[Web page caption snippets]
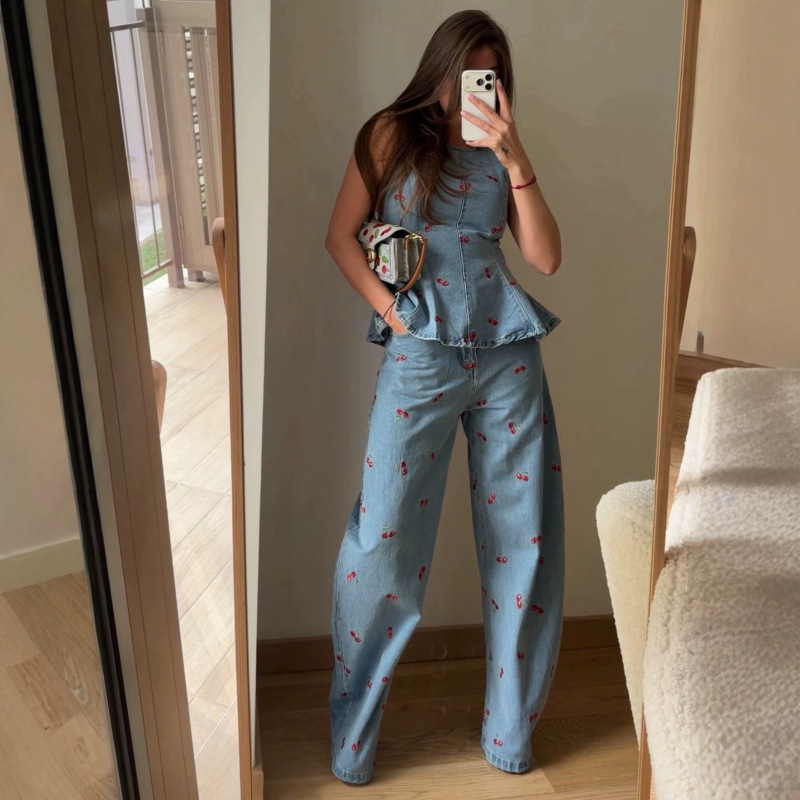 Sleeveless Vest Style Top with Lace Hem, High-Waisted Straight-Leg Printed Jeans Set, Two-Piece Set for Women Wholesale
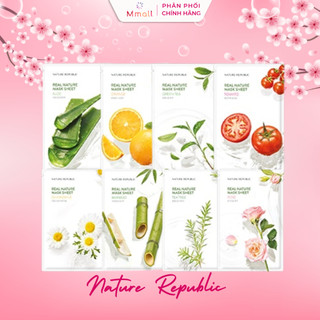 Mặt nạ giấy Nature Republic Hàn Quốc Real Nature Mask cấp ẩm dưỡng trắng phục hồi da chính hãng 25ml | Mmall_vn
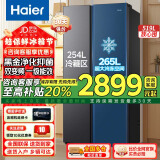 海尔【补贴20%】冰箱519升/620两门265L大冷冻对开门冰箱超薄小冷藏一级双变频黑金净化大容量家用冰箱 【519升大冷冻】BCD-519WLHSSEDX9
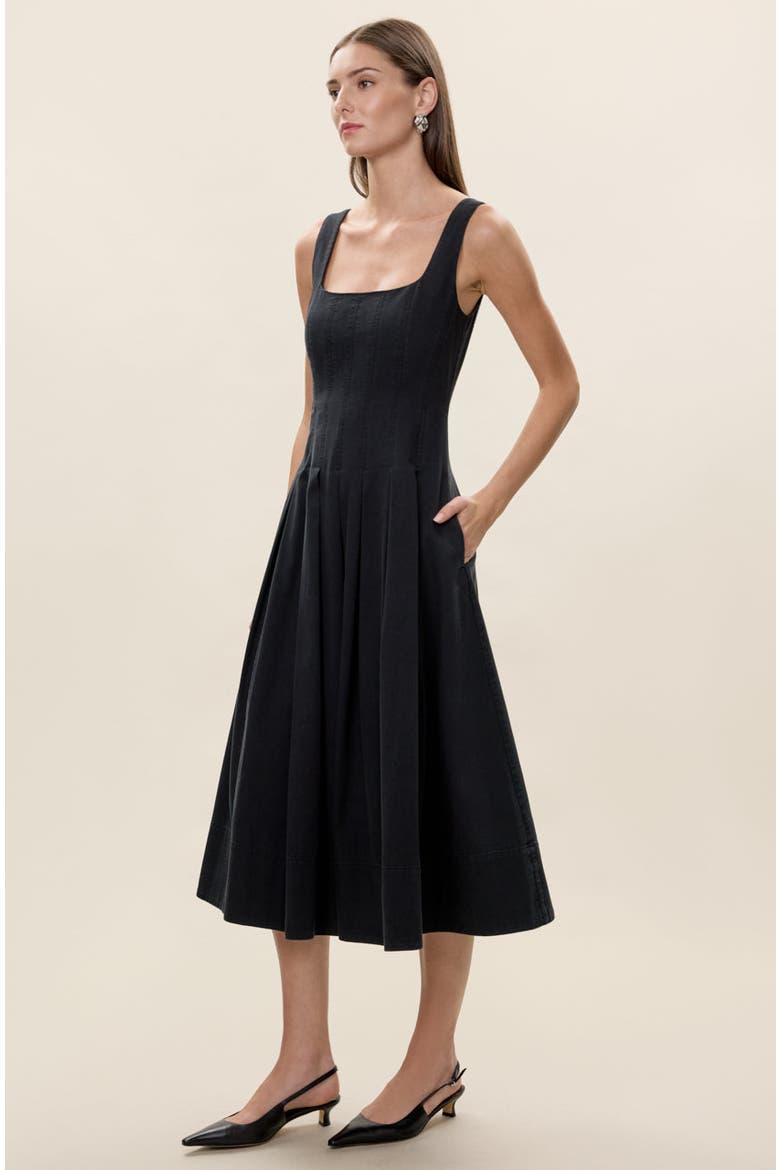 Edith Garment Dyed Dress, Alternate, color, Black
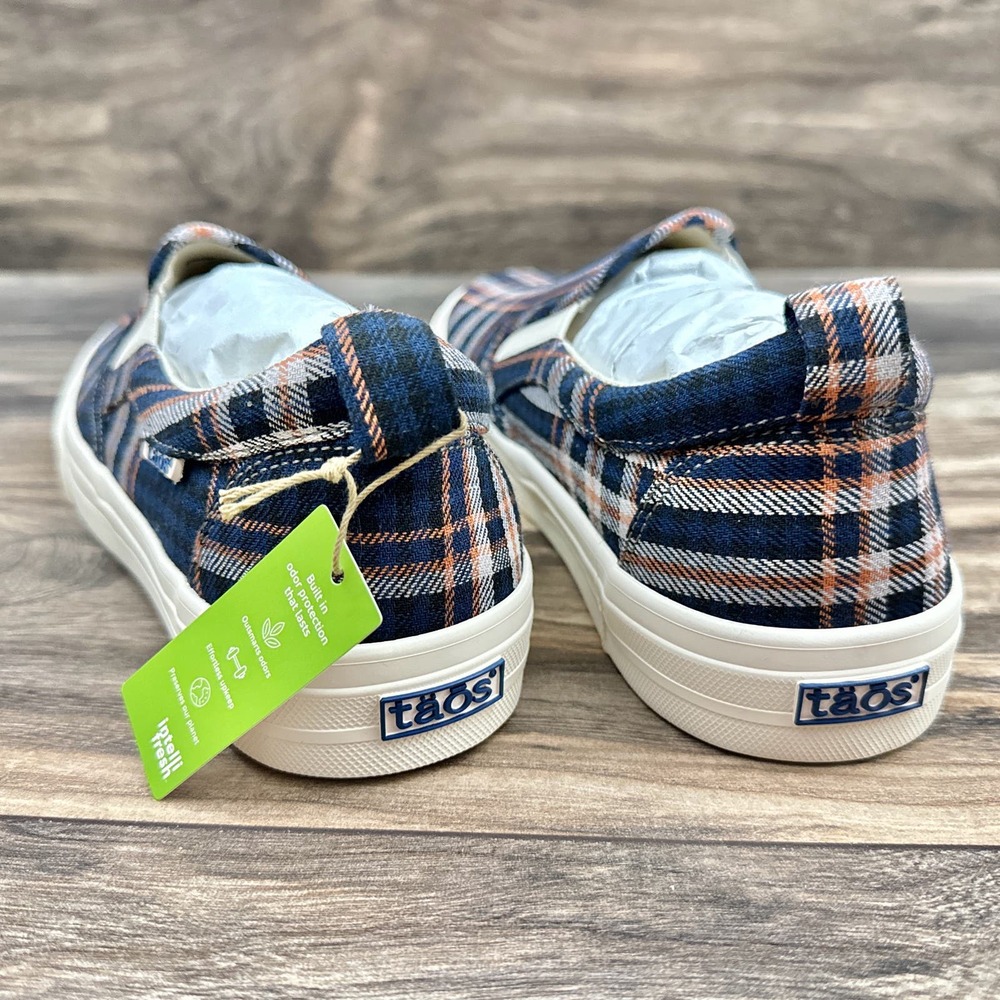 NIB Taos Rubber Soul 8M Blue Plaid Canvas Slip On Comfort Sneakers - Picture 6 of 11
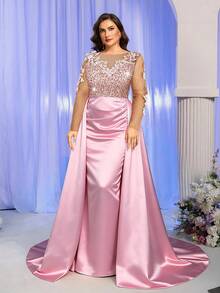 SHEIN Belle 优雅撞色网眼贴花长袖 V 领迷人亮片拼接缎面高腰修身美人鱼尾巴夸张拼接适合晚会、单身派对、约会、度假、舞会、婚礼、返校季节、大码晚礼服（重度装饰） - 藕粉色 - 查看 5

→ TASK REQUIREMENTS: The records above need to be reproduced exactly, with all images omitted.

→ TASK RESULT:
 Sleeveless Vest Style Top with Lace Hem, High-Waisted Straight-Leg Printed Jeans Set, Two-Piece Set for Women Wholesale
 Mặt nạ giấy Nature Republic Hàn Quốc Real Nature Mask cấp ẩm dưỡng trắng phục hồi da chính hãng 25ml | Mmall_vn
 海尔【补贴20%】冰箱519升/620两门265L大冷冻对开门冰箱超薄小冷藏一级双变频黑金净化大容量家用冰箱 【519升大冷冻】BCD-519WLHSSEDX9
 Edith Garment Dyed Dress, Alternate, color, Black
 NIB Taos Rubber Soul 8M Blue Plaid Canvas Slip On Comfort Sneakers - Picture 6 of 11
 SHEIN Belle 优雅撞色网眼贴花长袖 V 领迷人亮片拼接缎面高腰修身美人鱼尾巴夸张拼接适合晚会、单身派对、约会、度假、舞会、婚礼、返校季节、大码晚礼服（重度装饰） - 藕粉色 - 查看 5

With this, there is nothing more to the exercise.